In particular there is my NArray implementation in blip
http://dsource.org/projects/blip .
Indeed, there is a number of implementations. Will be interesting to do
a systematic comparison. Ultimately, I would like to combine the
strengths of all these different implementations into one library that
has the potential to become standard. Multidimensional arrays are the
essence of the interfaces of most numerical libraries. Having several
incompatible standards is a major roadblock for acceptance in the
numerical community.
As far as I know for D1.0 and large multidimensional arrays, really
usable libraries are just multiarray by braxissimo (that is a kind of
abandoned experiment, as he focused on matrixes and vectors), and then
my library.
Matrix libraries are more (and my library supports dense
matrixes/vectors), but really multidimensional libraries, I am not
aware of other serious contenders, please share the others...
Using it your example
off = (y[:-1,:]*x[1:,:] - y[1:,:]*x[:-1,:]) / (x[1:,:]-x[:-1,:])
becomes
auto
off=(y[Range(0,-2)]*x[Range(1,-1)]-y[Range(1,-1)]*x[Range(0,-2)])/(x[Range(1,-1)]-x[Range(0,-1)]);
not
ideal,
but not so terrible either.
The full slicing indices for the second dimension are missing.
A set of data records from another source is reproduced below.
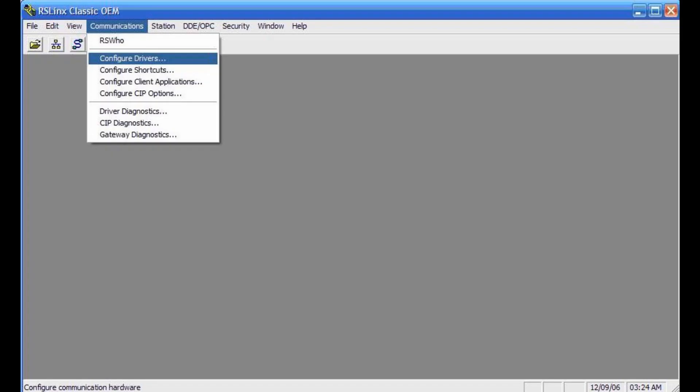Then open RSLynx. If you need help downloading and installing RSLynx and RSLogix, then we have a video for that also. Just browse our channel and be sure to subscribe.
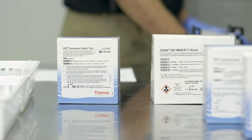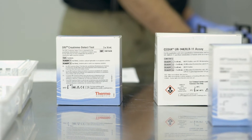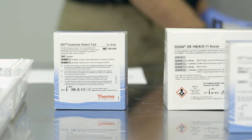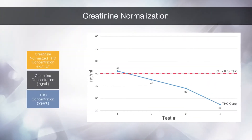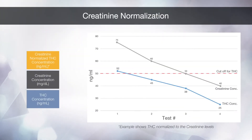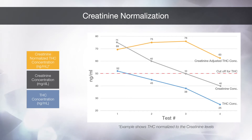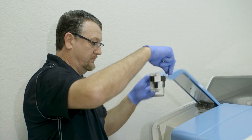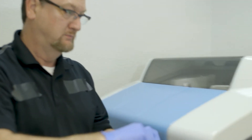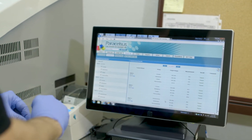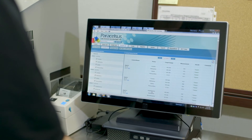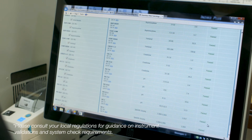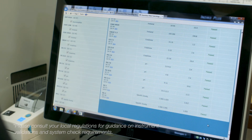A common test to detect dilution or substitution is to test for creatinine, a naturally occurring product that appears in urine at a constant rate. For example, if creatinine levels are lower than normal, it could be an indication of tampered urine. To ensure testing results are accurate, weekly and daily system checks are performed using calibrators and controls.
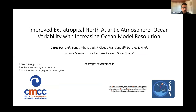I'm really excited to discuss with you all today our recently published paper on the improved extratropical North Atlantic atmosphere-ocean variability with increasing ocean model resolution. I should probably introduce myself. I'm Casey Patrizio, a postdoc here at CMCC in the CSP division. Before that, I was a PhD graduate of Colorado State University, working with David Thompson and David Randall.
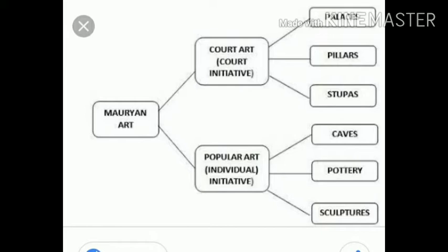When we study about the empire, we must study about art also. Because Mauryan art was divided into two: court art and popular art. In court art, we study about palaces, pillars, and stupas. And in popular art, we study about caves, pottery, and sculptures.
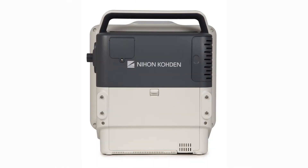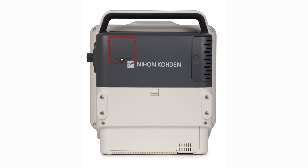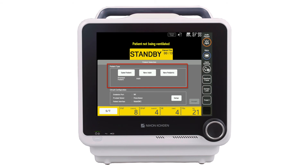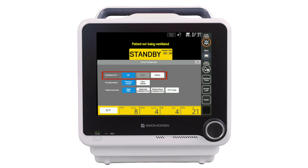On the rear of the ventilator is the main battery compartment, which contains a hot-swap lithium ion battery, and the oxygen sensor compartment. When the ventilator is powered on, the patient selection window will be displayed and the ventilator will be in standby. In this window, the clinician selects the patient type and reviews the circuit configuration. To change the circuit configuration, press the setup button, then select the appropriate choice for exhalation port, proximal sensor, and patient interface. To close the circuit configuration window, press the X.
You
could of course make those implicit, but then what happens if you need
that expression to work on swapped dimensions?
Indeed missing= implicit, to swap dimensions you have to use Range(-1)
(the full range from 0 to the last).
The Range structure negative indexes are from the end, and are
inclusive (thus Range(0,-1) means up to the end, the whole range).
This removes problems with making $ work correctly.
The negative sign solution is nice for scripting languages like Matlab
or Python. In a compiled language it leads to unnecessary runtime
overhead because every indexing operation needs to be checked for the
sign.
Indeed I don't accept negative indexes for indexing, just for Ranges
(where the overhead should be acceptable).
I think that the library is quite complete from the user point of view,
and quite usable...
Good to know. I will have a closer look at it.
let me know if you have problems/comment about it (also in the IRC if
you want).
ciao
Fawzi